Labirinto (Nottetempo, 2019). Un giorno Boratin, un musicista blues che vive a Istanbul, si risveglia in ospedale avendo completamente perso la memoria: non sa più chi è, da dove viene, qual è il suo passato e quale la direzione del suo presente, non ricorda gli affetti più cari né le amicizie più prossime, e soprattutto si arrovella attorno a un interrogativo ossessivo e senza risposta: perché ha tentato il suicidio gettandosi già dal Ponte sul Bosforo? Attorno a questa costellazione di domande cerca di riprendere a vivere, riconquistando dimestichezza con volti, voci, spazi, storie, specchi, e in primo luogo con se stesso… Flâneur dei labirinti della mente e della città, percorre pensieri e strade alla disperata ricerca di una consistenza, a tu per tu con la tabula rasa della memoria, dalla quale emergono scomposti dettagli che non sa collocare nel tempo: davanti a una statuina della Pietà, si chiede se Gesú e Maria siano vissuti anni prima o millenni addietro, e scambia l’immagine del capo dello Stato con quella di un sultano vissuto un secolo prima. Con ritmo incalzante e analisi cristallina, il romanzo di Burhan Sönmez ci restituisce le peregrinazioni di Boratin nei misteri dell’identità, fino alla domanda estrema: è più liberatorio per un uomo – e per una società – conoscere il proprio passato o dimenticarlo?

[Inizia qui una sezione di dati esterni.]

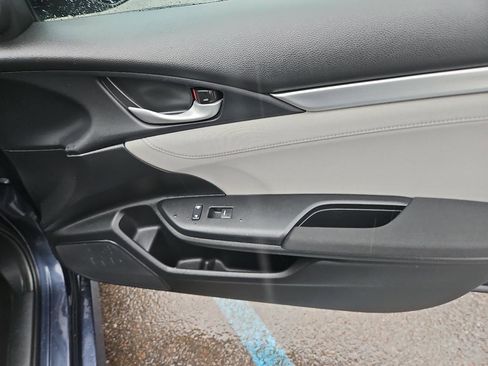 Used 2019 Honda Civic EX image 18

Burhan Sönmez. Nato ad Ankara nel 1965, dov’è cresciuto parlando turco e curdo. Avvocato specializzato in diritti umani, espatriato per motivi politici in Gran Bretagna, dove ha vissuto per circa dieci anni, oggi vive a Istanbul. I suoi romanzi sono tradotti in più di trenta lingue. Docente all’Università metu di Ankara ed editore, è membro di pen International e vincitore dell’ebrd (European Bank for Reconstruction and Development) Literature Prize per il suo romanzo Istanbul Istanbul, pubblicato da nottetempo nel 2016.